20200712 (5) 20200712 (2)
With no mesh, I had to use what was to hand to form a protective cage 

  • 6 x 4 foot canes
  • 6 x screwball icecream plastic containers (for the top of each cane)
  • 4 x net curtains, of varying size, thickness, and colour
  • 1 x stapler (and a supply of staples)
  • A selection of plastic clothes pegs

I stapled the curtains together; spread the results over the canes; adjusted the sides, and pegged the curtains onto the canes, leaving one side and the front so I could get in to plant the brassicas. Then I buried some of the curtain edges, put more staples into any large gaps and pegged the rest into place.

20200712 (4)

Yes, it does look like a (small) crime scene tent, only in this case it is stopping the murder and mutilation of my cabbages, kale and sprouts. Hopefully. Maybe just some light maiming.

20200712 macrame (4)

Anyway, I fitted everything in, just. The space is only 2 feet x 4 feet. But I’ve got more brassicas in a large pot inside the greenhouse, which I’ll bring outside once all danger has passed.
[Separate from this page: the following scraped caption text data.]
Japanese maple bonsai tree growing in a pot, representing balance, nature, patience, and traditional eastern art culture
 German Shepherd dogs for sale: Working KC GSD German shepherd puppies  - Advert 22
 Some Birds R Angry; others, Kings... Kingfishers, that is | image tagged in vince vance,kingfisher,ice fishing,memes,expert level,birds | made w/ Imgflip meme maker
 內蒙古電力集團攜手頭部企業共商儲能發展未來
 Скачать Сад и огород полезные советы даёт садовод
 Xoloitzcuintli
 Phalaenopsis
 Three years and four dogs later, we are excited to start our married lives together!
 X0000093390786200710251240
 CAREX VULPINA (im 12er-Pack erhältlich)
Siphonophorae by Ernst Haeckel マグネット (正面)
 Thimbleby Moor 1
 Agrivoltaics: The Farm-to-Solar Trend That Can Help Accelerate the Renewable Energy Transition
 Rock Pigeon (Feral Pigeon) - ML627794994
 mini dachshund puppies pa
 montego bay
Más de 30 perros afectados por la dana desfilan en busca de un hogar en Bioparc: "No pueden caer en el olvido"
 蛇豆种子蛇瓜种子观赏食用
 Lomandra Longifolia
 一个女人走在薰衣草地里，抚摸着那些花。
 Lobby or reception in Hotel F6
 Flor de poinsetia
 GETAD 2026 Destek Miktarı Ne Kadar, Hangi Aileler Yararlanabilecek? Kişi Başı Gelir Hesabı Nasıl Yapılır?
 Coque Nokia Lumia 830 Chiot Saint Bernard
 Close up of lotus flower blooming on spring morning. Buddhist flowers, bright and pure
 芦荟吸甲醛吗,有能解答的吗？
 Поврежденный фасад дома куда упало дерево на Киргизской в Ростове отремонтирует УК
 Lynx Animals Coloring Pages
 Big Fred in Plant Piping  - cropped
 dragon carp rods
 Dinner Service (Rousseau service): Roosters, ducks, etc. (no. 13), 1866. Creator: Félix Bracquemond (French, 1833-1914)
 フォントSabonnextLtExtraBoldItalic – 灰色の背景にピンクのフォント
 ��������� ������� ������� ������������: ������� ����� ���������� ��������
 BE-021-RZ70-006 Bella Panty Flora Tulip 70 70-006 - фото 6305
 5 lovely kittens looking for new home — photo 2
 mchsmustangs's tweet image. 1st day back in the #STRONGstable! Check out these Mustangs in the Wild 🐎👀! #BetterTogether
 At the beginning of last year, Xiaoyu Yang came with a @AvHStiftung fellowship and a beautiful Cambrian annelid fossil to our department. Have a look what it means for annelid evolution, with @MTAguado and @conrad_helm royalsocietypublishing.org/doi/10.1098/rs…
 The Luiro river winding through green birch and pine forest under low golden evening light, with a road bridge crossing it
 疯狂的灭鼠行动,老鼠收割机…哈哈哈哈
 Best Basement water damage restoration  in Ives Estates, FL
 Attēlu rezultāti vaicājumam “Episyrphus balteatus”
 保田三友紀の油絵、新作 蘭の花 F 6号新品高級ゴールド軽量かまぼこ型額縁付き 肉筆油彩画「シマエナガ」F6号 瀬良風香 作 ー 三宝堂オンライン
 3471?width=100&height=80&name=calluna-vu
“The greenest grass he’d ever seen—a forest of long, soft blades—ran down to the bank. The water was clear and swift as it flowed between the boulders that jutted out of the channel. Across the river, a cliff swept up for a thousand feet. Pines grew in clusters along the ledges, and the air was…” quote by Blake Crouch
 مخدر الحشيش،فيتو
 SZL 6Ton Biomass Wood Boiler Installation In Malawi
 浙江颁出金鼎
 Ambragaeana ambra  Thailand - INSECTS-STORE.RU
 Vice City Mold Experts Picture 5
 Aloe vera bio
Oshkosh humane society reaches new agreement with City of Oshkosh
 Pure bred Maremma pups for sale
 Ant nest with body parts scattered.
They can’t get inside unless I leave the door open.

Should I put eggshells down?

20200712 (8)

The garlic and onions are drying out in the greenhouse.

Weekend Workout

I’ve pulled up all my radishes – but not to eat.  A separate post which follows will explain why.  I have replaced them with a different variety which, hopefully, will produce the small and tender roots that I love.  To protect them, I’ve used this old supermarket basket.

20190615 (1).JPG

I’ve already harvested some chard leaves and spinach.  Online guidance says to pick chard when stems are around two inches long.  Mine only just met that criteria.  I’m currently growing it in troughs, though I could transplant some into a raised bed.  I’ve moved it onto the patio step where, should the sun ever shine for more than a couple of minutes, it will reap the benefit.

20190615 (2)

While away on holiday, anything I hadn’t time or room to plant out was placed on a gravel tray.  Thankfully they survived so I’ve potted on some Brussels Sprouts and tomatoes – mystery varieties labelled A and B as I still don’t know which is which until they fruit.

20190615 (4)

I’ve also sown Little Gem lettuce into a seed tray, sown cress seeds, and put some more spinach seeds into some three inch pots – 5 seeds per pot.  All from packets of seeds I got free with a gardening magazine.

Then I had a look at the garlic I planted last September.

Some of the stems had already fallen and the top of a bulb was visible in one case.  Hoping it was the top of a very large ‘iceberg’, I decided to dig one up.  I got two.

If smell was a guarantee of size, these should be huge, but they’re not.  These were the ones I planted directly into the front of Raised Bed A.  I’ve replanted them into a pot in the hope they might fatten up a bit more.

The garlic in Raised Bed B was started off in pots outside and planted into the bed in Spring.  I’ll give them a few more weeks before I check again.